The Budget Puzzle

 

Budget numbers reveal that there is some semblance of “Big Picture” behind the seemingly boring one.

For long-time budget watchers, few things are fairly straight. One, budget is progressively becoming a non-event, notwithstanding the boisterous media buzz ahead of the event and second, the responses from various constituencies are far more predictable. Pressure to be politically right (in their response) outweighs the urge to be out-spoken. Hence, much of the responses are guarded and sugar-coated. This budget was no exception. Media got tizzy around the budget, only to get disappointed with a drowsy one. Much expected cut in corporate tax and personal tax (across the spectrum) did not materialize. Usual hyperbolic statements-of-intent on various rural and infra schemes with throw-in here and throw-out there, dominated much of the budget speech.

Certainly, the budget was a disappointing one (for the immediate short-term at least), given the huge expectations. Beyond the regular ritual, is there a big picture that is popping?. Buried deep, some budget numbers, on closer look, offer hope of a structural shift, if not a grand design.

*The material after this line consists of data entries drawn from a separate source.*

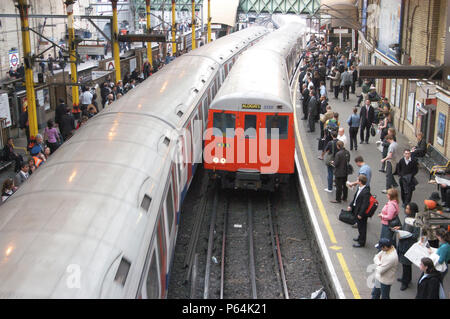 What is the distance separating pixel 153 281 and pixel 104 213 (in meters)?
1.41

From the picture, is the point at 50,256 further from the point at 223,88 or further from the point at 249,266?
the point at 223,88

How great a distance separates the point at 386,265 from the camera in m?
7.96

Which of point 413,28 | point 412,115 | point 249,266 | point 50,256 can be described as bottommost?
point 249,266

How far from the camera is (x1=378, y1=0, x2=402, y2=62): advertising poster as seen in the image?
68.4ft

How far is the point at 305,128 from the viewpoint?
21.0 meters

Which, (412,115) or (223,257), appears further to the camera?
(412,115)

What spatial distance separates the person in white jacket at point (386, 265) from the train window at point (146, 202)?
323 cm

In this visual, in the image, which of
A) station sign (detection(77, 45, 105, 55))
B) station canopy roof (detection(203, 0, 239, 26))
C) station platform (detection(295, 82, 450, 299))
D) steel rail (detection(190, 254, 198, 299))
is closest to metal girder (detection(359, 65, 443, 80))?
station platform (detection(295, 82, 450, 299))

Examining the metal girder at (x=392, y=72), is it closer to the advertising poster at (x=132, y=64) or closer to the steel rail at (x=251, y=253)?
the steel rail at (x=251, y=253)

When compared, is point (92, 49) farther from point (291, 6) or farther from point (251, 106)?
point (291, 6)

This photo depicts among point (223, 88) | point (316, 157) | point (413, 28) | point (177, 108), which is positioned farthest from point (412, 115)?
point (177, 108)

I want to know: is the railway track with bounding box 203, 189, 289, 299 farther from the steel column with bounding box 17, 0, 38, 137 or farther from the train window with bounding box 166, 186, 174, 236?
the steel column with bounding box 17, 0, 38, 137

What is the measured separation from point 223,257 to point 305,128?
10.7 meters

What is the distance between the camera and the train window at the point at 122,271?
Answer: 17.7 feet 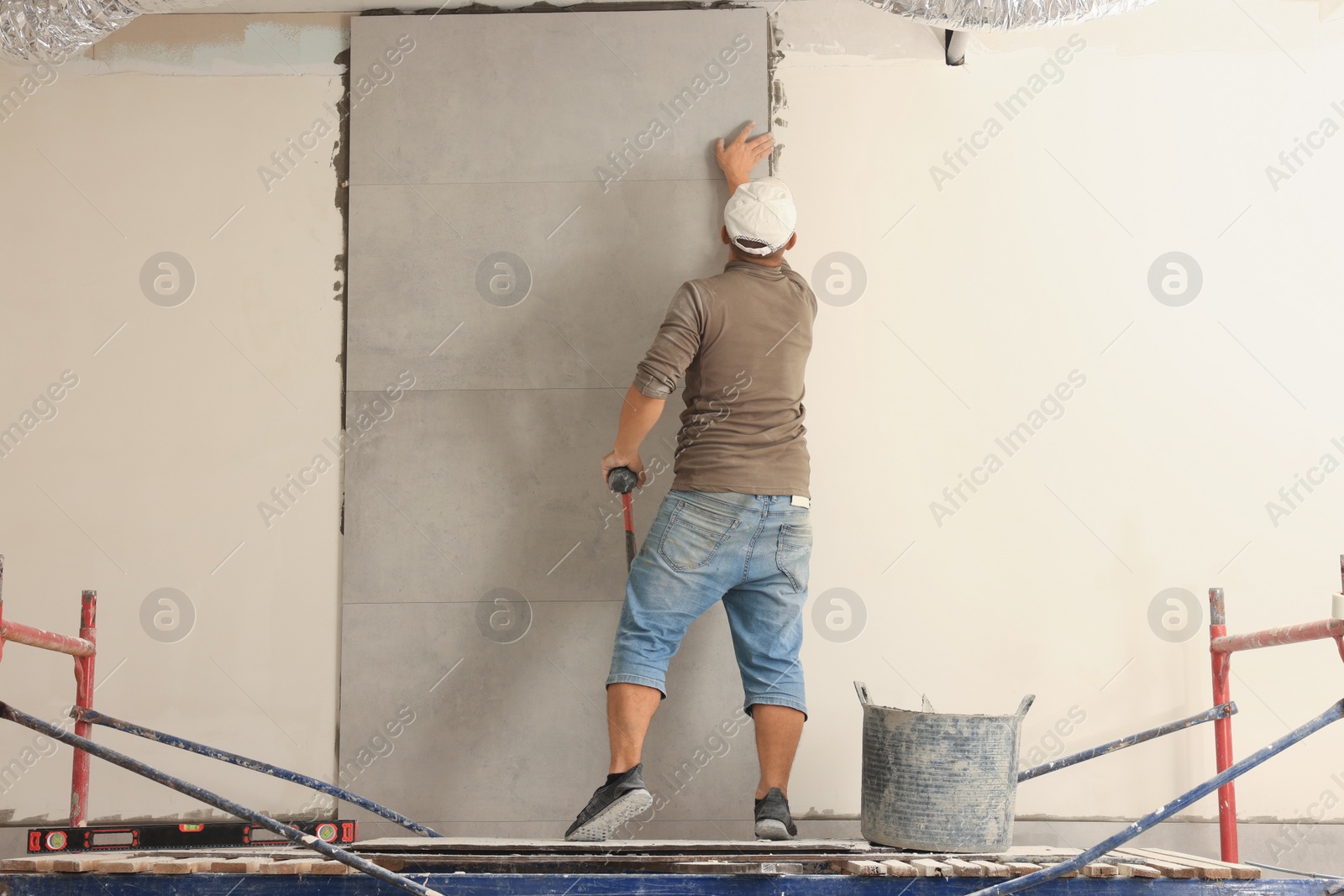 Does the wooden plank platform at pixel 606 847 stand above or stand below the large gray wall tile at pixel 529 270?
below

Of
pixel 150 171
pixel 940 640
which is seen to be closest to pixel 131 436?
pixel 150 171

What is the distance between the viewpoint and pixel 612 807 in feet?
7.59

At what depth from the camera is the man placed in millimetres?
2463

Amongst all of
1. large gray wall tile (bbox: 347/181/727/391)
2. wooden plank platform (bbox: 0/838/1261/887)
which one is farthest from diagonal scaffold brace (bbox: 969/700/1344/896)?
large gray wall tile (bbox: 347/181/727/391)

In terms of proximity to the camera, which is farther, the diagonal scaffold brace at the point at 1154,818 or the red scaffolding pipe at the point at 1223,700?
the red scaffolding pipe at the point at 1223,700

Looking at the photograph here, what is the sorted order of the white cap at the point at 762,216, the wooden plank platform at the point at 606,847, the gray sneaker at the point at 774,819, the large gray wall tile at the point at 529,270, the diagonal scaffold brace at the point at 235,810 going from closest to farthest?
the diagonal scaffold brace at the point at 235,810
the wooden plank platform at the point at 606,847
the gray sneaker at the point at 774,819
the white cap at the point at 762,216
the large gray wall tile at the point at 529,270

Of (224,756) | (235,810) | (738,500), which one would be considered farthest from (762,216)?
(224,756)

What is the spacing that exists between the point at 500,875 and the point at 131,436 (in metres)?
2.01

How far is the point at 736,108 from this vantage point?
3.22 m

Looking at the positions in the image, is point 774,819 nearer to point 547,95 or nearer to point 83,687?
point 83,687

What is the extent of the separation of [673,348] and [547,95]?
3.91 feet

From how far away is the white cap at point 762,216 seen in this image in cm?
265

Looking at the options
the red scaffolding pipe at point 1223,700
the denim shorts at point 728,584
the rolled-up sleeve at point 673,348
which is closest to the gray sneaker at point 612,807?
the denim shorts at point 728,584

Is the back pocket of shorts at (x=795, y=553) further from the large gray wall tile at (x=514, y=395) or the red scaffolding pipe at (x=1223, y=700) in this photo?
the red scaffolding pipe at (x=1223, y=700) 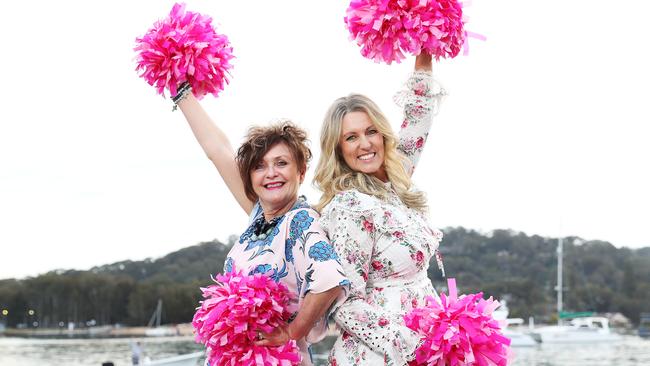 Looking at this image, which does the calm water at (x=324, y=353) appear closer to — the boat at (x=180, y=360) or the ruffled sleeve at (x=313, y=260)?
the boat at (x=180, y=360)

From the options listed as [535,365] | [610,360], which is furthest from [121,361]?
[610,360]

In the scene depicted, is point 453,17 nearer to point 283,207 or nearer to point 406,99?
point 406,99

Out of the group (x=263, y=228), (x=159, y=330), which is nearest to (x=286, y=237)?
(x=263, y=228)

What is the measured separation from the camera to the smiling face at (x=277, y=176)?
3.39 m

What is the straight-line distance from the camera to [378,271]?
3295 millimetres

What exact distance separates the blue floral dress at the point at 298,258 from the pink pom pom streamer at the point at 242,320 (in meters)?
0.09

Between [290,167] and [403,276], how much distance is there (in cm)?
58

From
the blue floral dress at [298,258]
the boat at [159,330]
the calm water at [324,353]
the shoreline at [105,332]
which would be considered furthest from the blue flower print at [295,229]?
the boat at [159,330]

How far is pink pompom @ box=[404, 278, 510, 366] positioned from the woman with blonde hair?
5cm

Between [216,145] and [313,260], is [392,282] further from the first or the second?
[216,145]

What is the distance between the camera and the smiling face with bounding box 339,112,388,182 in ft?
11.3

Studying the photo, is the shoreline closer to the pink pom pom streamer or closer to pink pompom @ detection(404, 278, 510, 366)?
the pink pom pom streamer

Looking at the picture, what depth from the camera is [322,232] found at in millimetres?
3258

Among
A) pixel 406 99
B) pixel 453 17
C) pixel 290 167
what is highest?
pixel 453 17
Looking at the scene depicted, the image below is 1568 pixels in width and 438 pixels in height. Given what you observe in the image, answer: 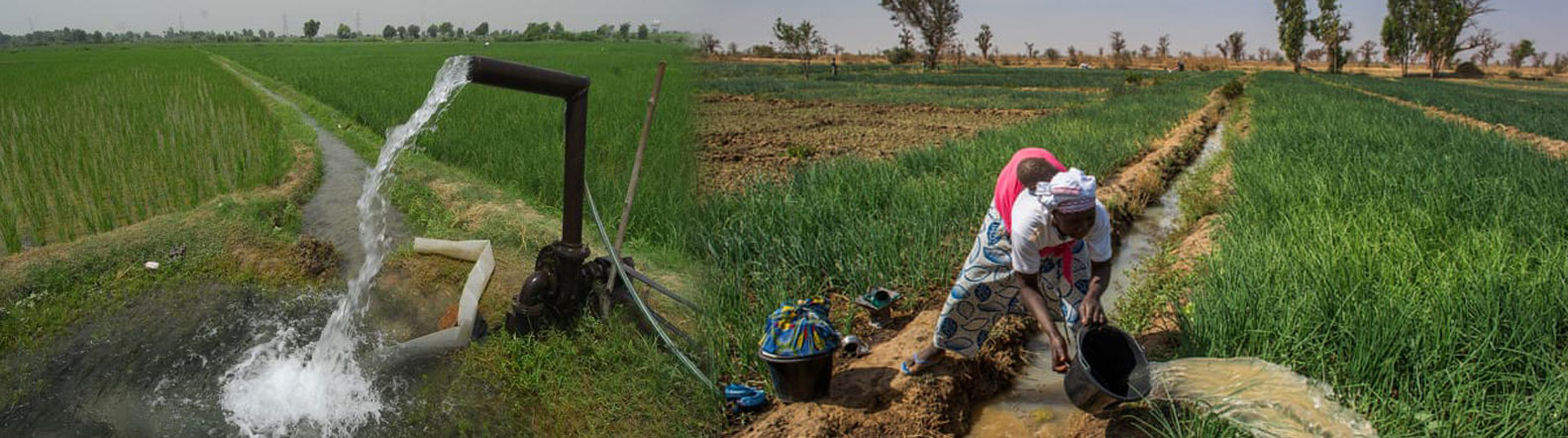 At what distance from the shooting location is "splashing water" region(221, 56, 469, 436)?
2.55m

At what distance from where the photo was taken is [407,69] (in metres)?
13.9

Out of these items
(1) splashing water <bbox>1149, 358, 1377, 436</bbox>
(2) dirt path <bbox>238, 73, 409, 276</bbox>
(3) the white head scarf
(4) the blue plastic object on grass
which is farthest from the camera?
(2) dirt path <bbox>238, 73, 409, 276</bbox>

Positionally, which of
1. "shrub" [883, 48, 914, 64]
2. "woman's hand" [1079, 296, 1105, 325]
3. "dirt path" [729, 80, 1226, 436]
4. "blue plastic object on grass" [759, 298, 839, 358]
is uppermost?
"shrub" [883, 48, 914, 64]

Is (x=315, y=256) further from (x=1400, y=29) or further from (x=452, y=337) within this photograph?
(x=1400, y=29)

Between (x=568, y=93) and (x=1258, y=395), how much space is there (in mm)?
1989

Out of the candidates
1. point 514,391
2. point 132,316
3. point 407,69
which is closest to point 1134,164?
point 514,391

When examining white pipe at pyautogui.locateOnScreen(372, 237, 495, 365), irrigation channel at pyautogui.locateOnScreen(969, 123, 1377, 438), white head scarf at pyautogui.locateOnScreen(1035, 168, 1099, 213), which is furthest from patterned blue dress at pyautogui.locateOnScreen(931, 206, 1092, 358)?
white pipe at pyautogui.locateOnScreen(372, 237, 495, 365)

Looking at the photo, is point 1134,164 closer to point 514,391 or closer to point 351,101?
point 514,391

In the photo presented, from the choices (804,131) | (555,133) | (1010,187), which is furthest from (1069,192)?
(804,131)

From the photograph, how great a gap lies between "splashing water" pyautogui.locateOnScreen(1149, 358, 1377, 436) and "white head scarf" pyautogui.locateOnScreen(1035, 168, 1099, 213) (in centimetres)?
56

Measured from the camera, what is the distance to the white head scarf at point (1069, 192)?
1.86 metres

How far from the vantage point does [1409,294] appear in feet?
8.36

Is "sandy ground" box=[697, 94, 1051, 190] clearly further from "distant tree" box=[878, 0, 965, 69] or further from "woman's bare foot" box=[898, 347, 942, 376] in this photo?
"distant tree" box=[878, 0, 965, 69]

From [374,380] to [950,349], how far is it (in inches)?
72.2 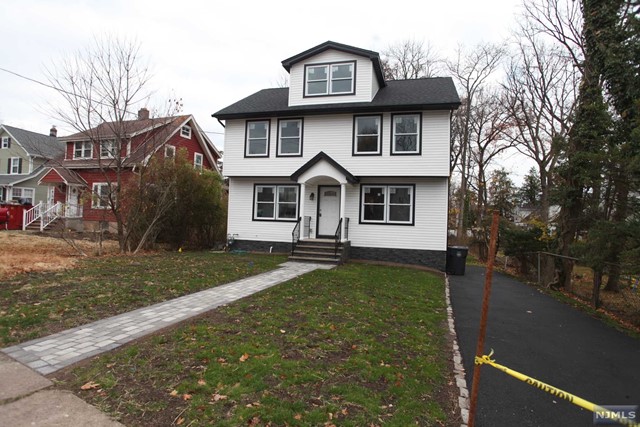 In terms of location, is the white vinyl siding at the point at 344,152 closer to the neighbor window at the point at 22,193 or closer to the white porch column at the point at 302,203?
the white porch column at the point at 302,203

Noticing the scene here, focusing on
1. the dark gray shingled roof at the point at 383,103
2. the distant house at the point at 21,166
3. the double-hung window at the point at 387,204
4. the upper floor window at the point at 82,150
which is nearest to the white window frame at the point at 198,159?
the upper floor window at the point at 82,150

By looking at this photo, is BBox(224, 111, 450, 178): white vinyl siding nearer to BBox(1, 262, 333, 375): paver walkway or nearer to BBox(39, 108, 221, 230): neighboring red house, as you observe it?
BBox(39, 108, 221, 230): neighboring red house

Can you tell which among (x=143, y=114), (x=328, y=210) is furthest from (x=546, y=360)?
(x=143, y=114)

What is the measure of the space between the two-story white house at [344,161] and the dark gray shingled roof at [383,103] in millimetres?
44

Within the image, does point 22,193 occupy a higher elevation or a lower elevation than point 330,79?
lower

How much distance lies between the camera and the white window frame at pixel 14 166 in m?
30.5

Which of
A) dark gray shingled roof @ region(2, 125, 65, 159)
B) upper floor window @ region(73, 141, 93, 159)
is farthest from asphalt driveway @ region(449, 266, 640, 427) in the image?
dark gray shingled roof @ region(2, 125, 65, 159)

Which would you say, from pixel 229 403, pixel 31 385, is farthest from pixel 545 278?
→ pixel 31 385

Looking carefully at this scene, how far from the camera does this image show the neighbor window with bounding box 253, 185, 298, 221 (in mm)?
15180

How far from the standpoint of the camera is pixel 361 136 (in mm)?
14250

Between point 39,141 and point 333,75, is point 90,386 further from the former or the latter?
point 39,141

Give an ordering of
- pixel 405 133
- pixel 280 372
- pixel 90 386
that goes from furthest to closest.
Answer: pixel 405 133
pixel 280 372
pixel 90 386

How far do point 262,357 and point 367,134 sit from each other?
11505 millimetres

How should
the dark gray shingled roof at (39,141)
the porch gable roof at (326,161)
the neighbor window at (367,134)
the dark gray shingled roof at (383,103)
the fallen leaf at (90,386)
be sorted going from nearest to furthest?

Central Theme : Broadening the Base by Operation Cleanup and GST

  • The spurt in income tax (personal) numbers over already a high base of last year, seen in conjunction with the upcoming GST, may have clues to the widening tax net in the coming years that will lead to higher fiscal space over time, pointing to structural downward shift in inflation / interest rates and hence changing the structural capacity of economy for higher growth.
  • To understand this, let us start with the basic budget assumptions. The underlying GDP growth assumption in the budget hardly inspires. Govt. expects growth to suffer in FY18 on two counts. First, the lingering effect of DeMo will keep a lid on growth for a while. Second, hiccups in GST implementation can hurt growth in the short-term. Hardly a surprise that the budget has assumed a muted growth of around 6.75% for FY18, much less than RBI’s forecast.
  • With such a sluggish sub-7% growth assumption, subdued tax numbers have been subsumed in the tax arithmetic in the budget, be it excise, service or corporate tax, but with one exception.
  • That exception is on the personal tax numbers. Govt. has assumed a robust 25%+ growth over a high base of last year, in which the personal income tax is likely to have grown over 21%+. Much of this is expected to flow directly from the effects of Operation Cleanup that will be rolled out using demon data mining. This would add up to over 50%+ surge in Income tax over two year period of FY17-FY18. Ref below chart that captures the changing tax mix brilliantly.

taxmix

 

  • Add to this the rollout of GST, it is not difficult to decipher that the central thrust for this year is, widening the tax net on both direct and indirect taxes. Former from operation cleanup (DeMo data drive) and later from GST that is likely to galvanize tax compliance from the expected shift from unorganized to organized, gradually though. Proposed limits on cash transactions in the budget will further accelerate this shift from informal to formal economy.
  • Now, let us move forward by one year to FY19. This is when things will turn interesting. Economy would have come out of the clutches of DeMon and would be ready to leap-frog on stabilizing GST implementation. With much delayed capex recovery (private investment) in place by then, growth will gyrate to near 8% level and much more in the subsequent years. Precisely then, widening tax base will work wonder, boosting tax buoyancy and tax-GDP ratio. With huge headroom in fiscal space, macro will move into a much stronger position with inflation and interest rates trending structurally lower.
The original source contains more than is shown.